Model Call Monitoring

If we treat our model in a similar fashion to that of a public endpoint. We monitor the amount of calls which have been made to the model and the percentage of these calls which have returned a response successfully. If the number of calls being made to the model drops to 0, or begins to display anomalies when compared to normal usage patterns, we can deduct there is an issue.

We can also employ metrics such as response time. How long is the model taking to return a response? If this begins to exceed predetermined or acceptable thresholds then again we can assume something is not functioning as intended.

Feature Change and Schema Monitoring

Within a machine learning solution, it’s important that we’re able to maintain the integrity of the data at each step of the process to allow us to identify any potential issues. One method to do this is to monitor the data schema itself for any intended or accidental changes. The aim here is to be alerted to any drop, addition or change of the current data set features. We’ll also be able to then compare the accuracy metrics of the model against the various points at which the schema / feature set has changed and determine the impact the change had on the accuracy of the model.
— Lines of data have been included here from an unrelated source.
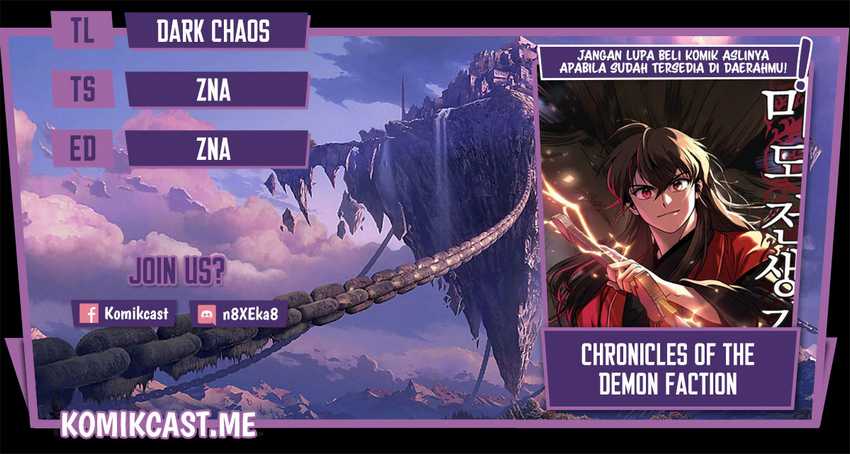 Read Chronicles of the Demon Faction ID Manga Online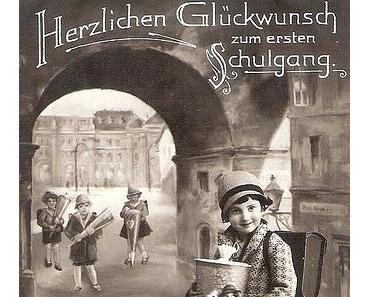 Allen kleinen Schulanfängern...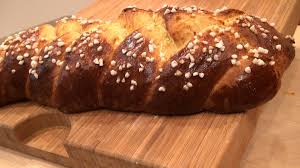 Brioche Tressee Maison 750 Grammes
Additionally, monitoring the values of the features is important to ensure the contained data is both correct and usable. For example, if we are expecting numerical values from a specific feature but upon querying character based values are returned instead, we should have monitoring in place to identify this discrepancy.

It may also be the case that the feature values are of the intended type but the values themselves are falling outside of the expected range. For example, a specific feature may be expected to return a numerical value between the range of 5 and 10 but when queried, numbers outside of this range are being returned. We should again be able to represent this graphically and have alerting in place to identify this.

Missing Data

As with unintended data types and incorrect values, we need to have the capability to identify missing values in data streams that are being ingested by the model. This being said, monitoring for missing values and any abnormality within the data set should be done with a certain level of fault tolerance. The level of tolerance applied should of course be determined by the level of impact which abnormal values will have on the performance of the model.

Whilst the above focused on the base metrics that we can expect when monitoring a machine learning solution, there are a number of additional caveats which it is best to prepare for, two examples are Model Decay and Data Drift which we’ll cover in depth in a further post.